The combined effect was to do too much too soon and then one of these walks was a case of seriously “overdoing things”, besides being in very strong windy weather which often triggers me, because I misjudged the distance and the temperature. So then I crashed much harder than I would have expected, with a significant period of PEM the following week lasting several days where it felt like I had flu though I knew it wasn’t. Even before I had the chance to recover from that, I had a four-day musical festival to attend (out of which I managed just three, the whole thing being a case of severely struggling to manage and pushing through, including the fact we had such bad weather). I crashed very severely again around 72 hours after all the exertion stopped, including all the fluey effects, the return of post-viral symptoms, the leaden body pains and the feeling of having smashed into a wall…this time not recovering for weeks, so here I am, in the deepest ME/CFS flare-up I can recall for a very long time, if not since the original one.

So what have I learned? Well, I’ve learned that I kept making the cardinal mistake of not pacing my energy, which is to fail to recover from each bout of exertion before starting again. In the most intense phases of this account, I was pushing through so much I wasn’t allowing any rest days at all but just keeping going with even more intensity than if I was doing a full-time job (something I hadn’t managed to do for years…) yet I somehow overlooked the fact I was way out of my capabilities because my sights were so firmly locked onto the objective of moving house.
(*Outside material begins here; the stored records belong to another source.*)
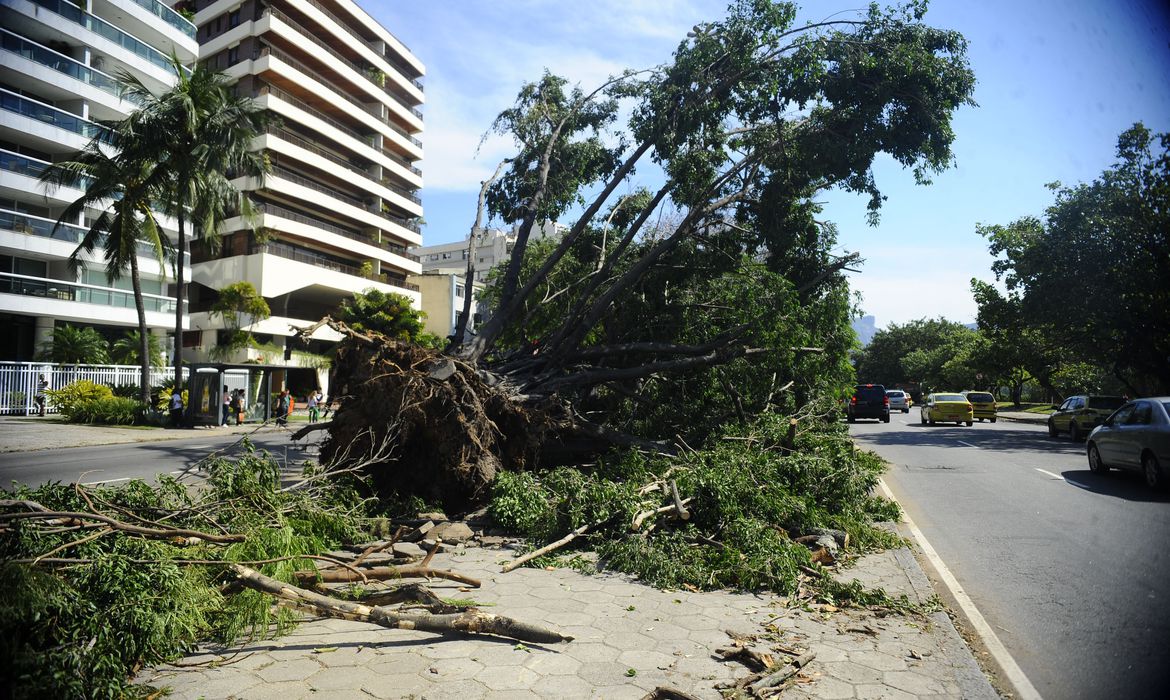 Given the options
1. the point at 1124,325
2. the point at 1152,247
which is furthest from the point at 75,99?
the point at 1124,325

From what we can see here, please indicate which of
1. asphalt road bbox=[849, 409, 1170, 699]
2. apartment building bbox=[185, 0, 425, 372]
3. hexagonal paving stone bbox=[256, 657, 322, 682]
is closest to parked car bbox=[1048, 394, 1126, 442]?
asphalt road bbox=[849, 409, 1170, 699]

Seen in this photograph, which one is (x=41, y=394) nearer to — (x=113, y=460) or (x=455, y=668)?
(x=113, y=460)

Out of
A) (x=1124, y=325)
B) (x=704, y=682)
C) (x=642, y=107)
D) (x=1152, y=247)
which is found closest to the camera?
(x=704, y=682)

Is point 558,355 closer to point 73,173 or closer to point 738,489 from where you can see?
point 738,489

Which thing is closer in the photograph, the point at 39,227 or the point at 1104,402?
the point at 1104,402

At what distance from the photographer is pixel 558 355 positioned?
423 inches

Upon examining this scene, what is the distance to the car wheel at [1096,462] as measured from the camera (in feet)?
37.5

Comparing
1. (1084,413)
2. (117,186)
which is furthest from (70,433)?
(1084,413)

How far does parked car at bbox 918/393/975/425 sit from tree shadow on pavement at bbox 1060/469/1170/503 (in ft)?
53.6

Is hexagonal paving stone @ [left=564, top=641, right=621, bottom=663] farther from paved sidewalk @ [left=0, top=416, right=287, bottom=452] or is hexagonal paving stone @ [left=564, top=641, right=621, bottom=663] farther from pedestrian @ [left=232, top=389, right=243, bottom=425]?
pedestrian @ [left=232, top=389, right=243, bottom=425]

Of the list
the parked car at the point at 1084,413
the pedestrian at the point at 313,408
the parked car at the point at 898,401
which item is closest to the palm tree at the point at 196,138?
the pedestrian at the point at 313,408

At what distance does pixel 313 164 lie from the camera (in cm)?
4172

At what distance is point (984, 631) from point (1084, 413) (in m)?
19.3

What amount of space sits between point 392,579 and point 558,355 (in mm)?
6047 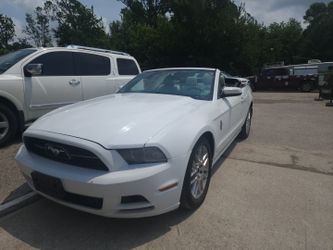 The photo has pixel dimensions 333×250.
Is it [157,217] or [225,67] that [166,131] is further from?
[225,67]

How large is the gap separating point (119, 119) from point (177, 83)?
63.2 inches

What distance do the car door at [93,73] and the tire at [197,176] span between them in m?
3.66

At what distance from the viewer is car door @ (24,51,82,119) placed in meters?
5.23

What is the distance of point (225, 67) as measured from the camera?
2630cm

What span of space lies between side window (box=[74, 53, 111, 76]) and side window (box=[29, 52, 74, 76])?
16 cm

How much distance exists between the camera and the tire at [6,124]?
482 cm

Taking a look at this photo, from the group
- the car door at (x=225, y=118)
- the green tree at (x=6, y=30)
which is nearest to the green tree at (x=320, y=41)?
the car door at (x=225, y=118)

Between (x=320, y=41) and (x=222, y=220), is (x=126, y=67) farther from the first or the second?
(x=320, y=41)

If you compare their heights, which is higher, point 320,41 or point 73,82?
point 320,41

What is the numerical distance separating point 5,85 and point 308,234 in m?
4.78

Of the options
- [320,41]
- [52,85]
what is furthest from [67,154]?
[320,41]

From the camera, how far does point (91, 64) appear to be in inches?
250

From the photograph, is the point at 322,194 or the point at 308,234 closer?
the point at 308,234

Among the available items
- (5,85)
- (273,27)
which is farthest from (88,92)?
(273,27) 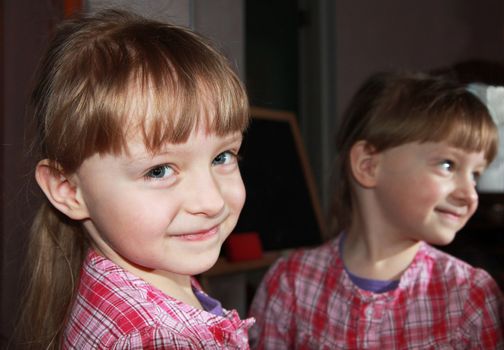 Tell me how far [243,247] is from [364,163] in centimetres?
52

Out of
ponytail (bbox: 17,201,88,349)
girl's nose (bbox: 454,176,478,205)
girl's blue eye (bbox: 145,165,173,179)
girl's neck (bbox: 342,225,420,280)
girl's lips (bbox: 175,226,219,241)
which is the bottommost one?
girl's neck (bbox: 342,225,420,280)

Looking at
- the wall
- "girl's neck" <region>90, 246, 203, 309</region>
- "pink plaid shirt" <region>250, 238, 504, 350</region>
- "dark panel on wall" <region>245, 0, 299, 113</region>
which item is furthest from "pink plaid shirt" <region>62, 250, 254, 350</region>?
"dark panel on wall" <region>245, 0, 299, 113</region>

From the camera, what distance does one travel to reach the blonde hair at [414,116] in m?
0.85

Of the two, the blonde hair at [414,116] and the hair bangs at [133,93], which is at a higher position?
the hair bangs at [133,93]

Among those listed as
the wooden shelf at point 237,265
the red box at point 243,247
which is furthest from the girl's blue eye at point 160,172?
→ the red box at point 243,247

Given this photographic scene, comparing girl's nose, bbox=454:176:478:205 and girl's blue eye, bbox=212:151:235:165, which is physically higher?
girl's blue eye, bbox=212:151:235:165

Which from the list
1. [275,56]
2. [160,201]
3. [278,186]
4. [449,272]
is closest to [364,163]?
[449,272]

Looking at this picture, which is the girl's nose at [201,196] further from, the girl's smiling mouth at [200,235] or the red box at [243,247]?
the red box at [243,247]

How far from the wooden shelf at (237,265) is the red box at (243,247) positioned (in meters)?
0.01

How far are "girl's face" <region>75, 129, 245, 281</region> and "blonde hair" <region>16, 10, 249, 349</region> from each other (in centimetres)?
1

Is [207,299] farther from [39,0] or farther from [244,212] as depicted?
[244,212]

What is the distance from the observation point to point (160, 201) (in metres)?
0.56

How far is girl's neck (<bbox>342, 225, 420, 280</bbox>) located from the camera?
0.93 meters

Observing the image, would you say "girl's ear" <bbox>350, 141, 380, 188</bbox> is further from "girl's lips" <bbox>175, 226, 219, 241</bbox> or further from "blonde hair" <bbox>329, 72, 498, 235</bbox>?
"girl's lips" <bbox>175, 226, 219, 241</bbox> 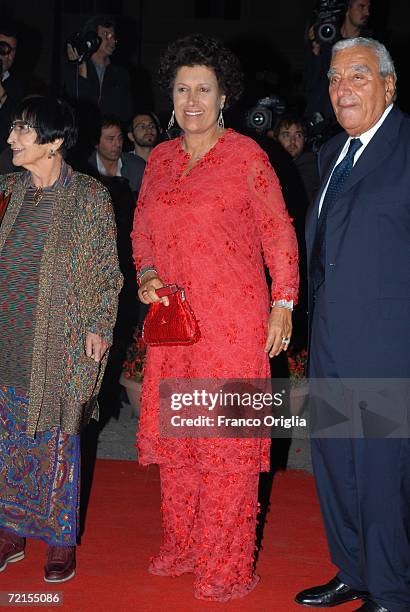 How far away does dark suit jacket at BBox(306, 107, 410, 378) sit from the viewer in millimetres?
2938

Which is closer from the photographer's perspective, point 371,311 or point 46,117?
point 371,311

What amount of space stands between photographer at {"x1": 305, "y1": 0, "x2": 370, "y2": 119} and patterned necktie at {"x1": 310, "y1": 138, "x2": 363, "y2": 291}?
3.86 m

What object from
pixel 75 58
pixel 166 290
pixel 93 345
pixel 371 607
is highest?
pixel 75 58

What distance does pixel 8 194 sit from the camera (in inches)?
136

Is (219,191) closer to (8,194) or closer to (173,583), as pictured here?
(8,194)

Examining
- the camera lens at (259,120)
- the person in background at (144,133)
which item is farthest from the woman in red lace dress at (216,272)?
the camera lens at (259,120)

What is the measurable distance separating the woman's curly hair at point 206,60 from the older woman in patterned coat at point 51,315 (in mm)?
425

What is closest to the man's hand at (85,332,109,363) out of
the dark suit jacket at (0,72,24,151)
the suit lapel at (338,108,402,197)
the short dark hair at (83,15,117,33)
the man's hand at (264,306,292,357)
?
the man's hand at (264,306,292,357)

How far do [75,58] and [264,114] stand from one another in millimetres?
1538

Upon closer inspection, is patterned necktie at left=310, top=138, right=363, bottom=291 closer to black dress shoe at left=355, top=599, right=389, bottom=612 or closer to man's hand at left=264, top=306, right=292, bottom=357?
man's hand at left=264, top=306, right=292, bottom=357

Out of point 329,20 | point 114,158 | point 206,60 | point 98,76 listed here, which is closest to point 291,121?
point 329,20

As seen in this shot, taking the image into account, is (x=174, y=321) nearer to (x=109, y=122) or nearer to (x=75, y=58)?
(x=109, y=122)

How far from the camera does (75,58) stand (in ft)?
23.4

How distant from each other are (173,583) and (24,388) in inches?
36.0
At my best, I was resting up a bit, factoring maybe a few days or hours off to get back some energy in between busier times (or because I had had a small crash…) but still very far from recovered by the time the next piece of exertion came along. In effect, all my periods of exertion (both mental and physical) were now overlapping each other because not only had the busy days started to bump up against each other without respite but busy weeks and even whole years of this kind of overexertion were occurring one after another, again without the necessary respite to make them tolerable or allow energy to be replenished, let alone accumulated in advance of requirement (more on that below). So even when I paused from engagement with one source of over exertion you can be sure I was still deep into PEM hung-over from something else!

It has taken me using the Visible app for a while now and noticing this trend occurring in the micro for me to then fully recognise, and acknowledge, the same trend happening in the macro because, having run the app for a few weeks, I could clearly see one busy day or week roll on into another, usually right before experiencing a period of worsened PEM. This then helped me to realise that my years had also been forming a pattern like this since the end of 2021, with this year’s severe PEM happening as a consequence of the incredible fatiguing years 2022-2023 butting up against each other with hardly a month of respite between them; the overexertion has been pretty much continuous. It’s made me wonder whether the bigger crashes of ME/CFS are generally to do with having overexerted for years rather than “just” months or days and that, by seeing the bigger patterns, ideally before they take root, we could start to avoid them being provoked that way. How many times have I said words to the effect of “this year is going to be tough but next year will be better?” It’s made me realise I can no longer afford to speak that way…a year is far too long a time period to be under stress or overexerting continuously without serious amounts of compensatory respite built in for rest and recuperation (though how often does our work culture allow for this). We need to somehow make the appropriate pauses happen.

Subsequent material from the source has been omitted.